ARTICLE IV – CONDITIONS
 
4.1            Conditions to Commitment .  The obligation of Lender to make Loans is subject to the satisfaction of the following conditions on and as of the date of each such Loan:
 
(a)            Representations and Warranties True .  The representations and warranties contained in Article 5 hereof shall be true and correct in all material respects at and as of the date of such Loan, except to the extent of changes caused by the transactions expressly contemplated herein.
 
(b)            Material Adverse Effect .  There will have been no Material Adverse Effect in the business or financial condition of the Loan Parties since September 30, 2007, except as noted in  Schedule 5.1.
 
(c)            Security Agreement .  SFNL and Lender, shall have entered into a security agreement, in form and substance as set forth in Exhibit D attached hereto (as the same may be amended, modified or supplemented from time to time in accordance with the terms thereof, the “Security Agreement”).  SFNL shall have executed and delivered to Lender, such financing statements and other instruments (collectively, “Financing Statements”) as Lender shall require in order to perfect and maintain the continued perfection of the security interest created by the Security Agreement.

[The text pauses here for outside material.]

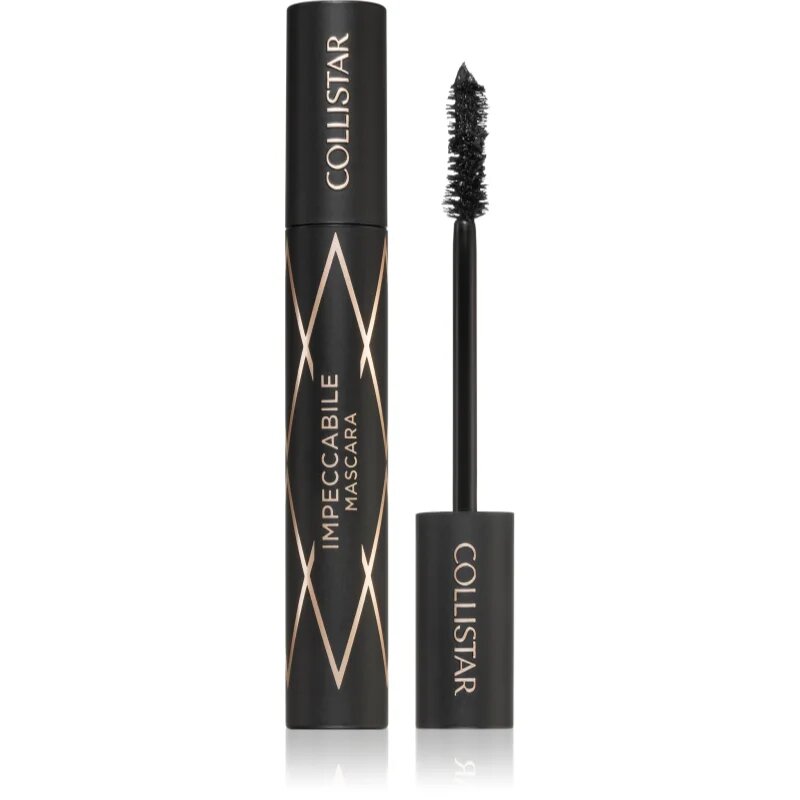Collistar Impeccabile Mascara rimel pentru volum extrem și culoare intensă 14 ml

The Lender shall have received reports of filings with appropriate government agencies showing that there are no Liens on the assets of the Loan Parties other than Permitted Liens.
 
(d)            Closing Documents .  SFNL will have delivered or caused to be delivered to Lender all of the following documents in form and substance satisfactory to Lender:
 
(i)           copies of the resolutions duly adopted by SFNL’s board of directors authorizing the execution, delivery and performance by SFNL of this Agreement and each of the other agreements, instruments and documents contemplated hereby to which the respective SFNL is a party, and the consummation of all of the other Transactions, certified as of the Closing Date by the secretary or assistant secretary of the respective SFNL;
 
(ii)           a certificate dated as of the Closing Date from an officer of SNFL stating that the conditions specified in this Section 4.1 have been fully satisfied or waived by Lender;
 
(iii)           such other documents relating to the Transactions contemplated by this Agreement as Lender or its special counsel may reasonably request.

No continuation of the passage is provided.